→ **TASK TO CARRY OUT**: Everything from the line containing "3D Cartoon Animal" through the final line below must be output exactly, both ends included, with nothing else and no pictures.

_ _ _ _ _ _ _

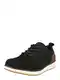 bugatti Sneaker 'Artic' rostbraun / schwarz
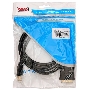 Кабель DVI Buro HDMI19 (m)/DVI-D(m) 1.8м феррит.кольца Позолоченные контакты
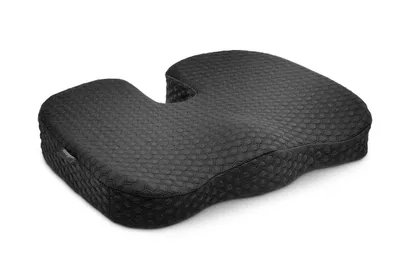 Obrázok produktu pre Kensington K55807WW, vankúšik na sedadlo, Pamäťová pena, stolček, Čierna, Jednofarebné, Zips
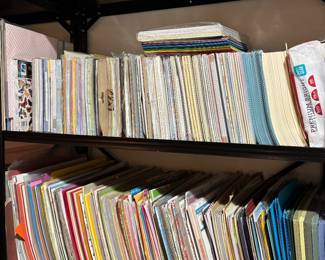 8X10 scrap booking paper of all colors and grades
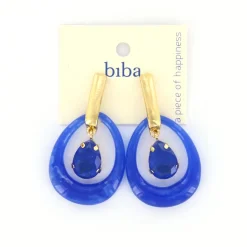 Biba oorbellen Posh Pieces - 83444
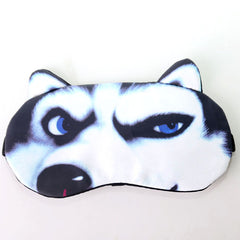 3D Cartoon Animal Sleep Mask, Animal Pattern Eye Cover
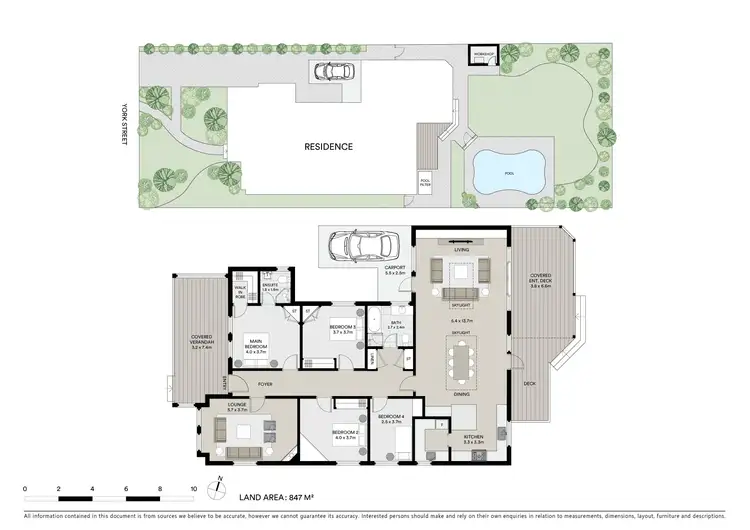 Floorplan of Homely house listing, 21 York Street, Beecroft NSW 2119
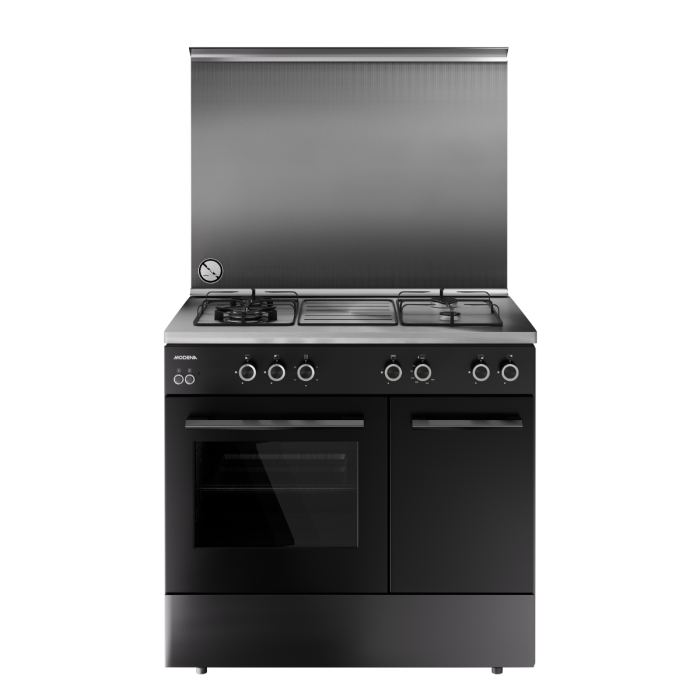 Jual MODENA FC 0535 BABM / FC0535 BABM Freestanding Cooker 90 CM 4 Gas ...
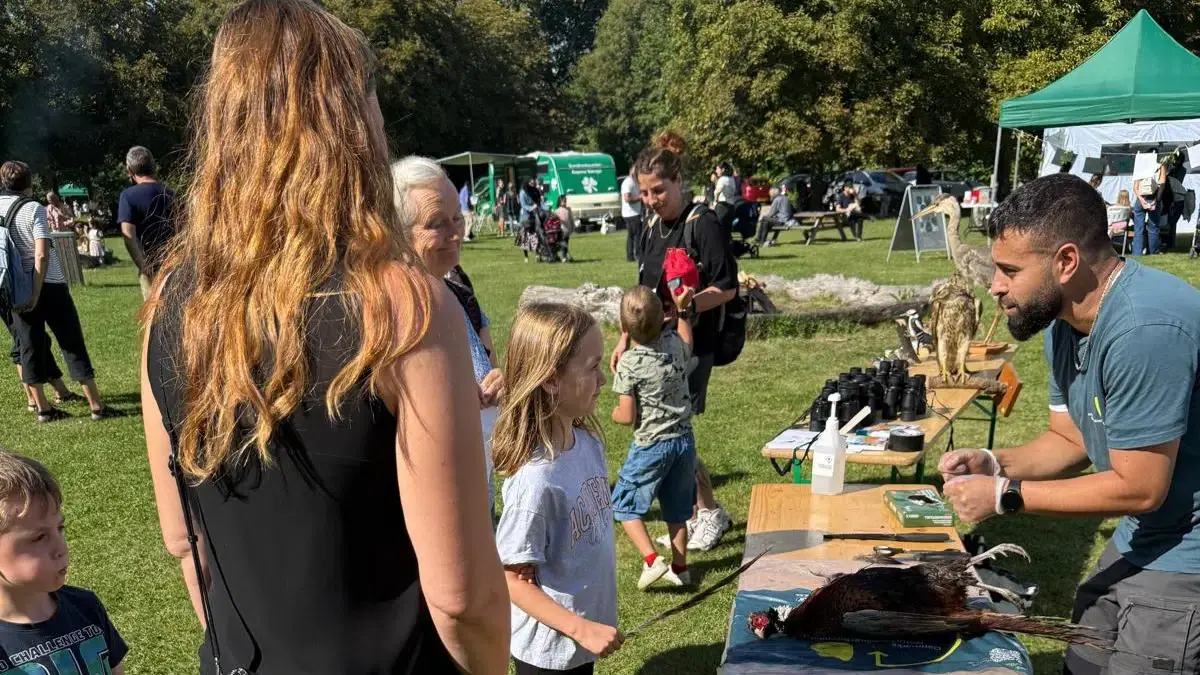 Naturens dag i Hakkemosen — Taastrup
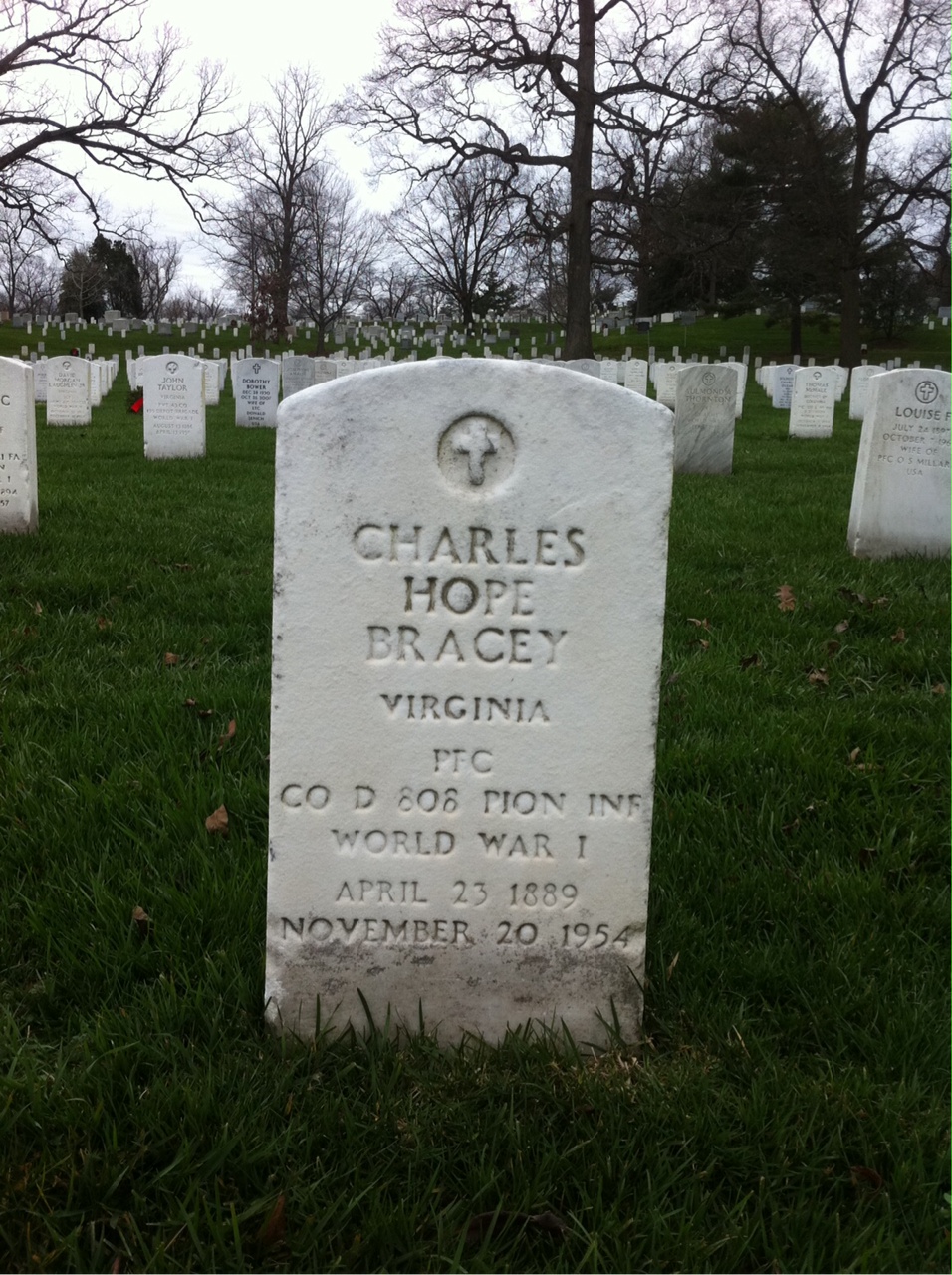 Charles Bracey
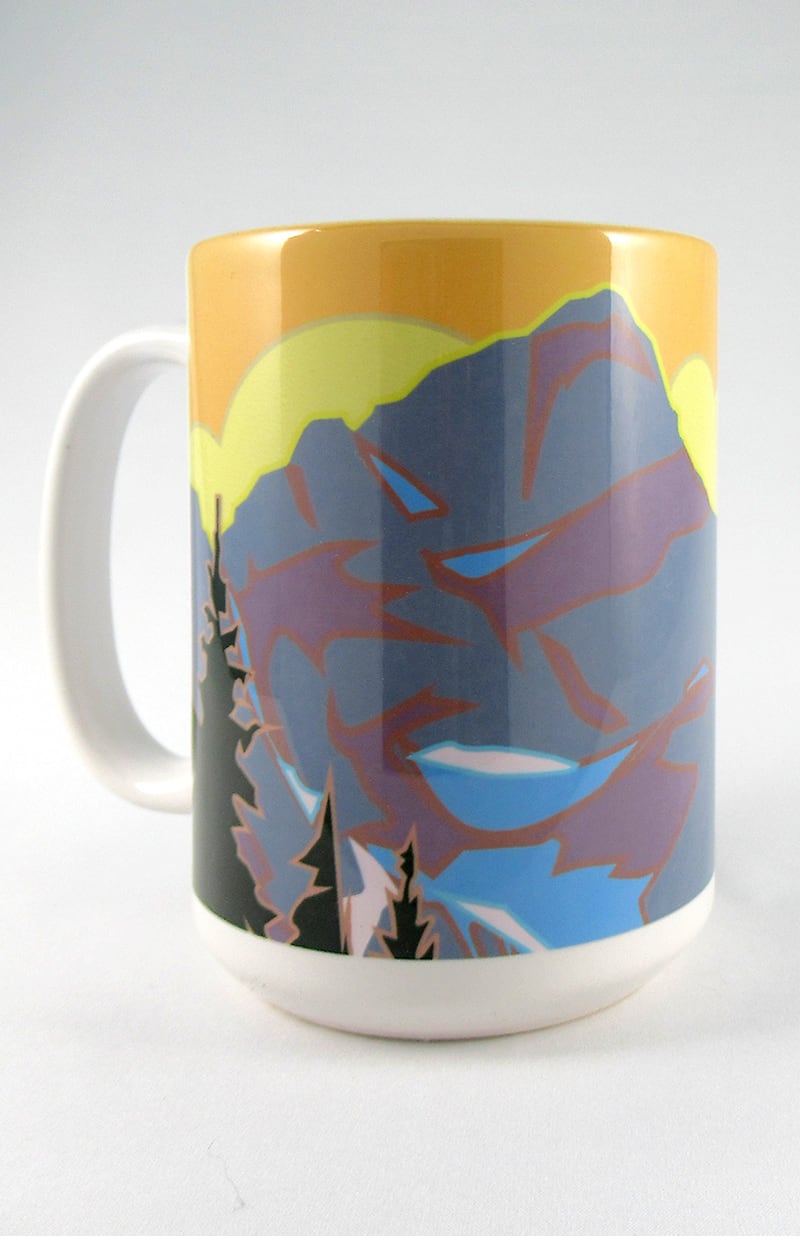 Crestone Needle, Colorado - Colorado 14er - 15oz. Ceramic Mug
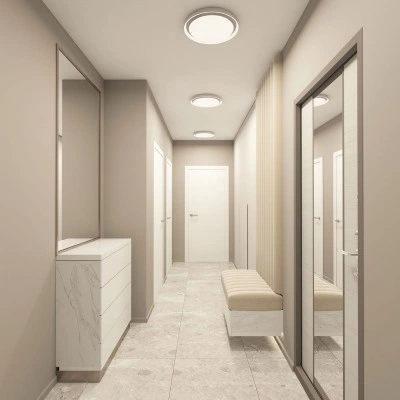 Denkirs DK6516-WH — накладной потолочный светильник, белый, 500 мм, 50 Вт Denkirs DK6516-WH — накладной потолочный светильник, белый, 500 мм, 50 Вт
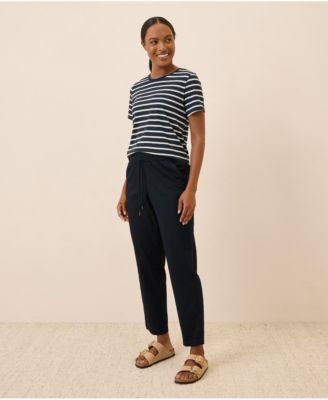 Women's The Jess Roll-Up Pant In Midweight Twill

_ _ _ _ _ _ _

→ **RESULT OF THIS TASK**:
 3D Cartoon Animal Sleep Mask, Animal Pattern Eye Cover
 Floorplan of Homely house listing, 21 York Street, Beecroft NSW 2119
 Jual MODENA FC 0535 BABM / FC0535 BABM Freestanding Cooker 90 CM 4 Gas ...
 Naturens dag i Hakkemosen — Taastrup
 Charles Bracey
 Crestone Needle, Colorado - Colorado 14er - 15oz. Ceramic Mug
 Denkirs DK6516-WH — накладной потолочный светильник, белый, 500 мм, 50 Вт Denkirs DK6516-WH — накладной потолочный светильник, белый, 500 мм, 50 Вт
 Women's The Jess Roll-Up Pant In Midweight Twill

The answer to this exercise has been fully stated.